* WHAT YOU HAVE TO DO *
Hand back the entries exactly as written, minus every picture.

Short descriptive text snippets
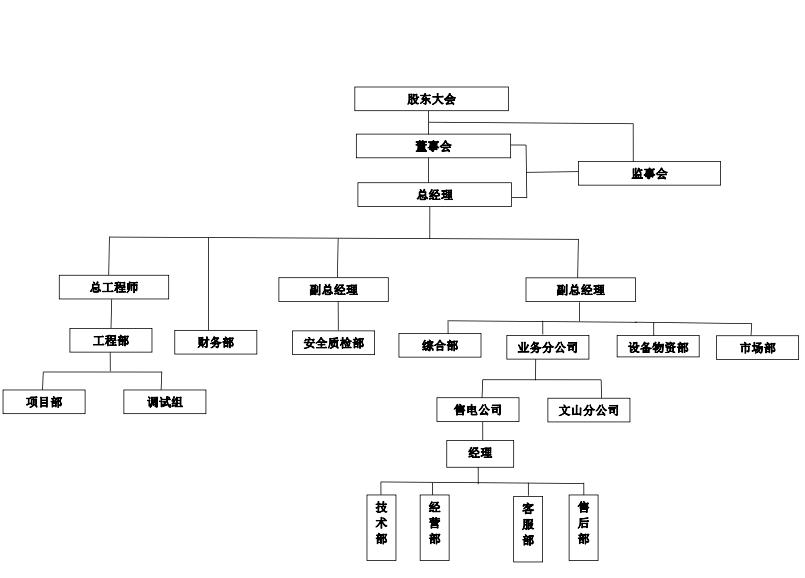 昆明售电公司：云南朔铭电力工程有限公司
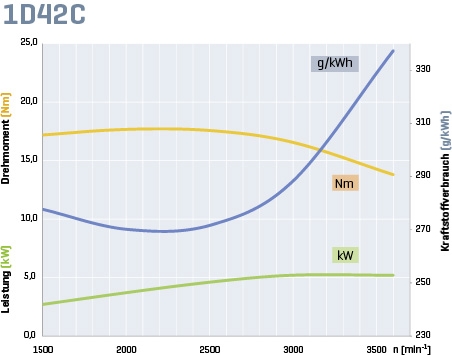 Hatz 1D42C-B11, Dieselmotor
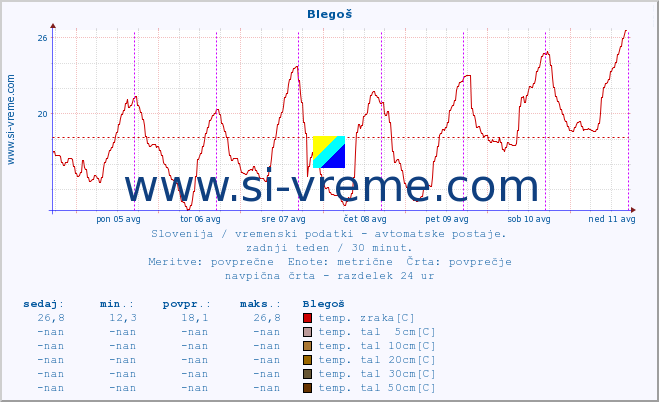 POVPREČJE :: Blegoš :: temp. zraka | vlaga | smer vetra | hitrost vetra | sunki vetra | tlak | padavine | sonce | temp. tal  5cm | temp. tal 10cm | temp. tal 20cm | temp. tal 30cm | temp. tal 50cm :: zadnji teden / 30 minut.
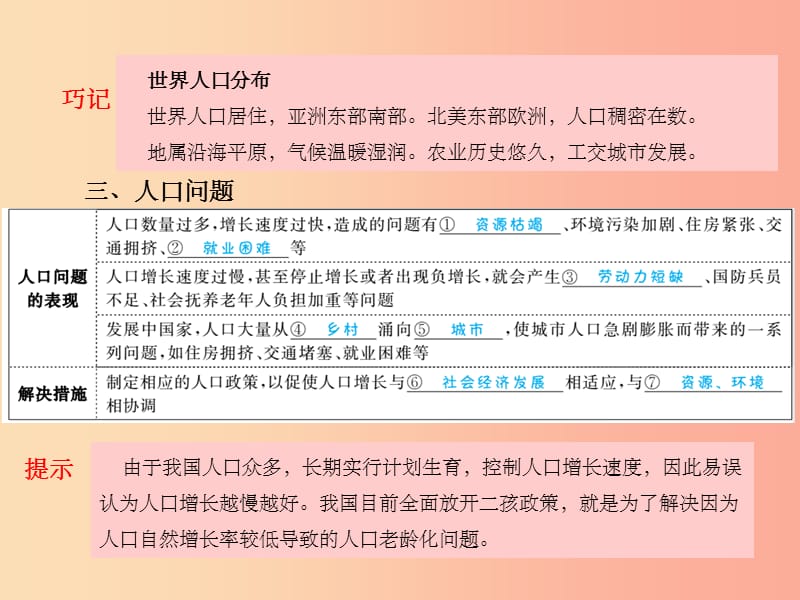 （泰安专版）201X年中考地理 第一部分 系统复习 成绩基石 七上 第3章 世界的居民课件_第5页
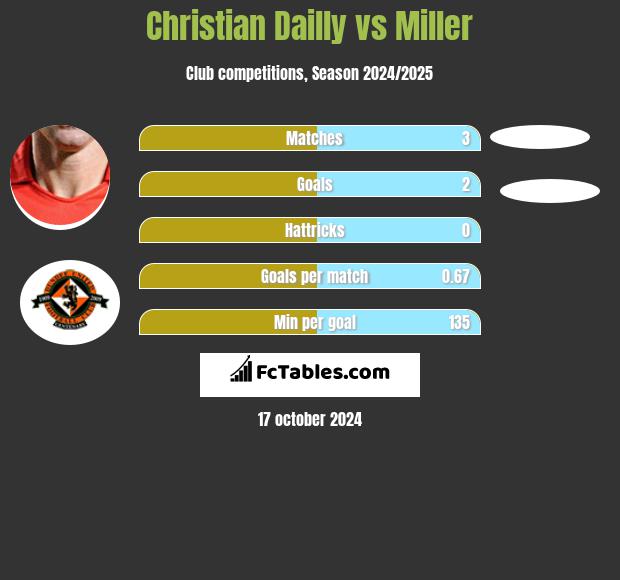 Christian Dailly vs Miller h2h player stats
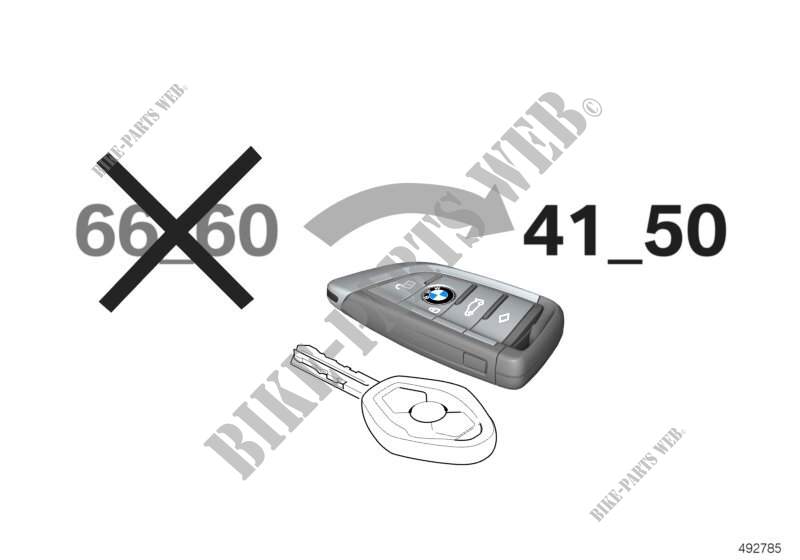 Telecomando radio per BMW X3 20dX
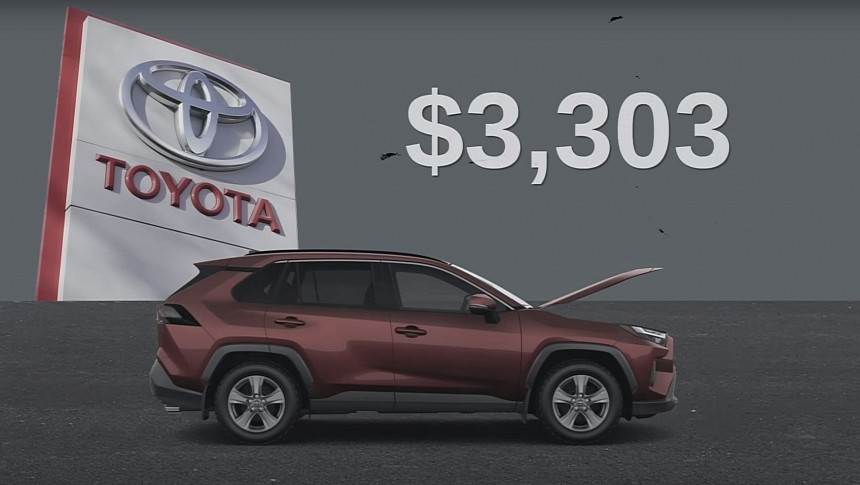 Toyota and Money-Saving Tips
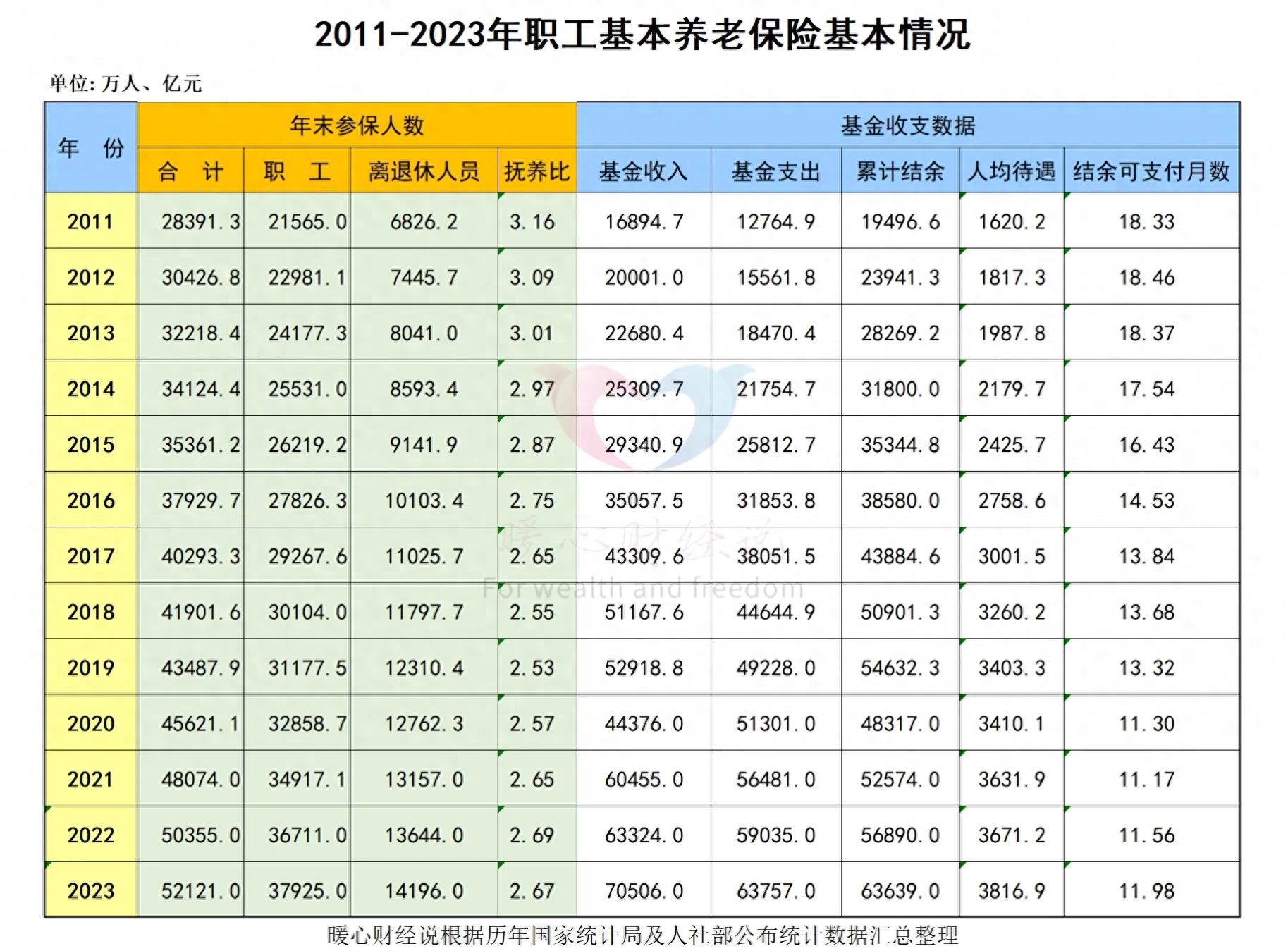 企业与事业退休金最新动态，未来养老保障的新视角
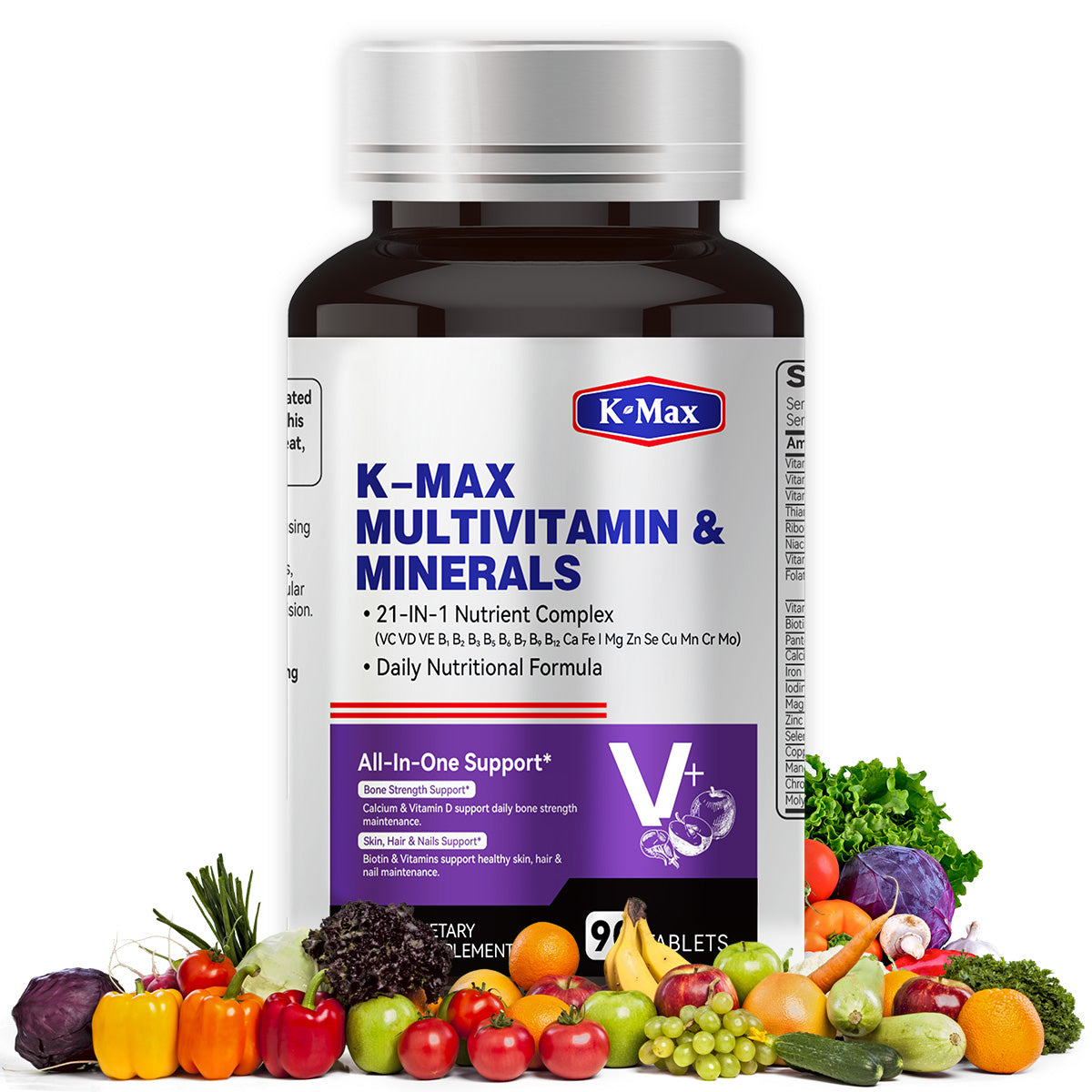 MULTIVITAIMIN & MINERALS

* WRITTEN ANSWER *
 昆明售电公司：云南朔铭电力工程有限公司
 Hatz 1D42C-B11, Dieselmotor
 POVPREČJE :: Blegoš :: temp. zraka | vlaga | smer vetra | hitrost vetra | sunki vetra | tlak | padavine | sonce | temp. tal  5cm | temp. tal 10cm | temp. tal 20cm | temp. tal 30cm | temp. tal 50cm :: zadnji teden / 30 minut.
 （泰安专版）201X年中考地理 第一部分 系统复习 成绩基石 七上 第3章 世界的居民课件_第5页
 Christian Dailly vs Miller h2h player stats
 Telecomando radio per BMW X3 20dX
 Toyota and Money-Saving Tips
 企业与事业退休金最新动态，未来养老保障的新视角
 MULTIVITAIMIN & MINERALS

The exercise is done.